Ela tem feito grandes estragos. Em seu nome, tudo parece justificável. Até um crime. A carência costuma cegar e faz com que nos submetamos a humilhações só para receber um afago, um olhar mais comprido. Atire a primeira pedra quem nunca se sentiu órfão de afeto. Quem nunca fez coisas absurdas porque precisava de alguém ao seu lado. Preço alto, altíssimo, a ser pago. Como é mais difícil olhar para si mesmo, a gente acaba sempre se espantando com o que o vizinho ou os amigos fazem.
Há pessoas que, no auge da crise, cumprimentam manequins de loja e agradecem ao elevador que abre à sua frente. E cedem a qualquer apelo de quem está ao lado para não se sentirem sós. Mas se descobrem cada vez mais isoladas de tudo, porque este tipo de barganha tem o efeito de um bumerangue. A questão é atávica e costuma ser a aflição de homens e mulheres, indiscriminadamente. Nós nos escondemos, com medo de que descubram nossas fraquezas, pois a fragilidade é vista como sinal de pouca masculinidade.

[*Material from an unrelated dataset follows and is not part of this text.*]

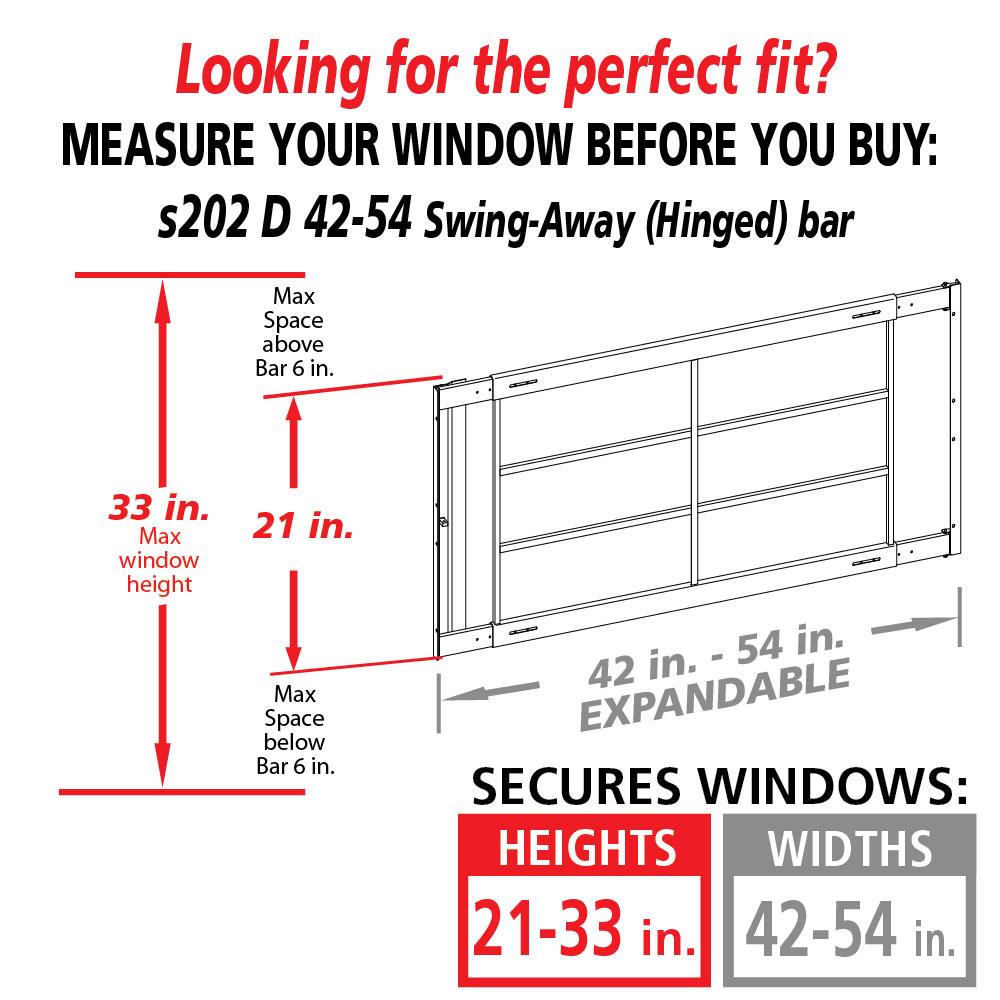 Mr. Goodbar D 42-in x 21-in White Steel Adjustable Window Security Bar S202 D 42-54 Sansujyuku sansujyuku.com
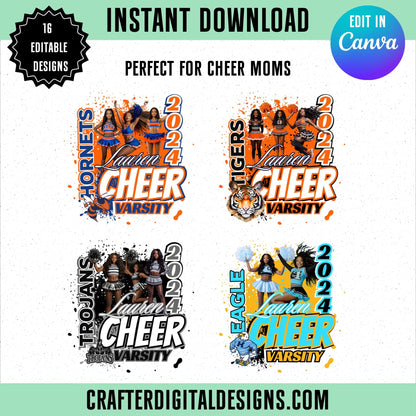 Canva Cheer Mom Designs (16 Editable Designs)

Elas expõem mais seus sentimentos, analisando com clareza e honestidade o que está se passando.
Somos todos, de alguma maneira, mendigos e pedintes. Precisamos dos outros para sobreviver. Mas há um limite saudável para essa falta. Ultrapassado, torna-se patologia em estado puro. Chega um ponto em que não nos importamos até de pagar pela companhia de alguém. Penso em pessoas que conheci ao longo da vida, no quanto sofreram porque não se permitiram, entre uma relação e outra, recompor-se em solidão. Esse hiato é necessário para que possamos reencontrar nossa própria fisionomia, que muitas vezes se perde porque precisamos agradar. Está aí uma palavra bem nefasta. Quando se necessita de aprovação além do que é razoável, deveria tocar um sino dentro de nossa mente para nos alertar que estamos entrando em campo minado. Mas não parece que a lógica se subverte e, quanto mais ficamos com cara de cachorro abandonado, mais nos tornamos reféns do desejo do outro?

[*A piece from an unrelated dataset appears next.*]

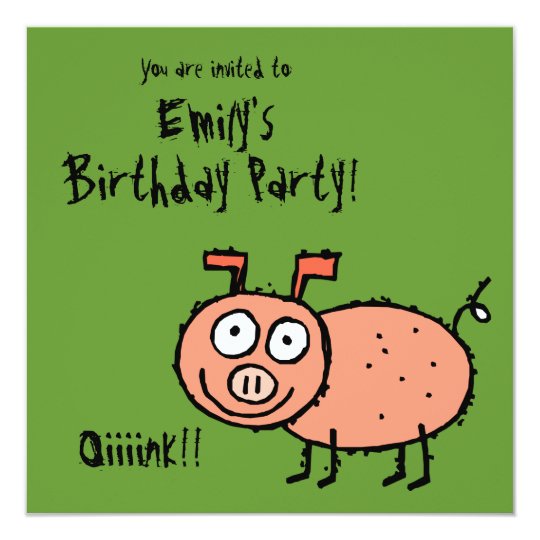 Funky Farm Pig (Birthday) Party Invitation Oink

Remédio? Difícil fazer um bom diagnóstico e mais difícil ainda pensar em algo preventivo. Cada um tem seus buracos interiores e sabe que é complicado enfrentar esses demônios à luz do dia. Às vezes, o início de tudo está lá na infância. Em outras, situações amorosas mal resolvidas nos deixam com uma sensação de fracasso, de que a culpa é sempre nossa. E então, num processo de repetição que pode se estender pelo resto da vida, saímos por aí esmolando, em desespero. Quanto mais nos diminuímos, mais idealizamos o objeto do nosso afeto.
O medo de ficar só, mesmo que seja por um curto período, embota a inteligência e faz com que não consigamos raciocinar com clareza. Quem olha de fora costuma se espantar diante de situações em que um carente e um aproveitador se encontram. Porque é geralmente assim que acontece. Para cada vítima, um bandido de prontidão. Um olhar mais passageiro não revela o que está por trás desse tipo de contrato. Não adianta alguém apontar o óbvio: é preciso que algo muito dramático sinalize o absurdo do que está ocorrendo. Só assim acontecerá o rompimento.
Quem não precisa de companhia em algum momento? O problema é que não dá para ficar em débito pelo resto da vida. Fortes ou fracos, somos apenas isso: seres que só se reconhecem quando aceitos. Os mais sábios descobriram, entretanto, que o bom casamento é o que fazemos com nós mesmos.